Which stick would you recommend to smoke with the Amaretto?


----------



## Guest (Jul 23, 2008)

I had a contest a while back to name a drink I concocted. Don't remember what ended up winning, but I just call it a "Clifford Special"

basically, a jigger each of Di Saronna (the only one to use, IMO), Crown Royal, Southern Comfort and whiskey sour mix. Add some ice, pour in the amount of Sprite to taste, and prepare to have your butt kicked. The 3 liquors mixed in equal portions is quite tasty without any additives if desired. Something about the mix smoothes out the bit of the liquor, but it will put you wobbly-kneed as fast as a good Long Island Tea!

Enjoy


----------



## NJ Stogie King (May 20, 2008)

SvilleKid said:


> I had a contest a while back to name a drink I concocted. Don't remember what ended up winning, but I just call it a "Clifford Special"
> 
> basically, a jigger each of Di Saronna (the only one to use, IMO), Crown Royal, Southern Comfort and whiskey sour mix. Add some ice, pour in the amount of Sprite to taste, and prepare to have your butt kicked. The 3 liquors mixed in equal portions is quite tasty without any additives if desired. Something about the mix smoothes out the bit of the liquor, but it will put you wobbly-kneed as fast as a good Long Island Tea!
> 
> Enjoy


Wow!! Thats sounds so good!! I am going to have to try that concoction!!! I am going to be flying!!!


----------



## icehog3 (Feb 20, 2005)

NJ Stogie King said:


> Which stick would you recommend to smoke with the Amaretto?


I like it with an earthy stick like a Bolivar...but experimenting is half the fun.


----------



## Fenwick (May 8, 2007)

I like Amaretto sombreros and if you want to add a little more kick to it, toss in some vodka too.

Amaretto cherry sour is good too:

Shot of Amaretto
Sour mix
1 tbsp grenadine
Sprite

Chill and pour over crushed ice and add a cherry.

I agree with icehog3, on the rocks by itself!


----------



## Miami (Oct 8, 2005)

My brother likes a time tested drink called a godfather. 
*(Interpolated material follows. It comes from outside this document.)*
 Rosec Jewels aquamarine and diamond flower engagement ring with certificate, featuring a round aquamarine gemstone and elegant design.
2 oz Amer/ 2 oz scotch over ice.

It is one smooth drink.


----------



## rumballs (Mar 15, 2005)

Roasted Toasted Almond is basically a White Russian with the addition of amaretto...


----------



## Mark C (Sep 19, 2007)

In the winter time I love a hot cup of coffee after dinner with a shot of amaretto.

I know a few chicks who love amaretto and pineapple juice.


----------



## mosesbotbol (Sep 21, 2005)

Miami said:


> My brother likes a time tested drink called a godfather.
> 
> 2 oz Amer/ 2 oz scotch over ice.
> 
> It is one smooth drink.


Famous olde time drink.


----------



## Fenwick (May 8, 2007)

mmblz said:


> Roasted Toasted Almond is basically a White Russian with the addition of amaretto...
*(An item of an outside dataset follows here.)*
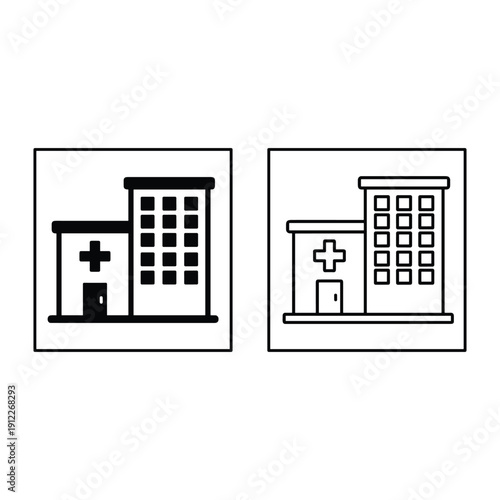 Medical clinic facility icons featuring a cross symbol in outline and solid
YEAH, YEAH, that's IT!! Thanks mmblz, I couldn't remember the name of that. I used to drink those quite a bit a loooooooong time ago.:tu I think we just called them "Toasted Almonds" but I like your name better.


----------



## rumballs (Mar 15, 2005)

Fenwick said:


> YEAH, YEAH, that's IT!! Thanks mmblz, I couldn't remember the name of that. I used to drink those quite a bit a loooooooong time ago.:tu I think we just called them "Toasted Almonds" but I like your name better.


toasted almond doesn't have vodka (amaretto, kahlua, cream)
roasted toasted almond does (vodka, amaretto, kahlua, cream)


----------



## Fenwick (May 8, 2007)

mmblz said:


> toasted almond doesn't have vodka (amaretto, kahlua, cream)
> roasted toasted almond does (vodka, amaretto, kahlua, cream)


Ah, okay. I'm confusing that with a "velvet hammer" which is basically a white russian with amaretto instead of Kahlua. The roasted toasted sounds even better!:tu

Thanks again mmblz, as I had never heard of that!


----------



## rumballs (Mar 15, 2005)

another one is a Dr Pepper (flaming or not)
Basic idea is beer and amaretto. Some recipes have coke, flaming ones have 151 rum, there are a lot of variations.
Essentially though the beer and amaretto somehow taste like Dr Pepper...

for more drinks, see here


----------



## jaharr (Sep 13, 2007)

Miami said:


> My brother likes a time tested drink called a godfather.
> 
> 2 oz Amer/ 2 oz scotch over ice.
> 
> It is one smooth drink.


:tpd:

Also, my wife likes a Godmother (substitute vodka for scotch).


----------



## cherrybomb (Aug 27, 2008)

you should try luxardo amaretto neat. I promise it will blow disarranno out of the water


----------



## icehog3 (Feb 20, 2005)

cherrybomb said:


> you should try luxardo amaretto neat. I promise it will blow disarranno out of the water


Send me a check if it doesn't?


----------



## Cigar Lover 101 (Mar 6, 2007)

I find a lot of people drink this the wrong way, which is at room temp.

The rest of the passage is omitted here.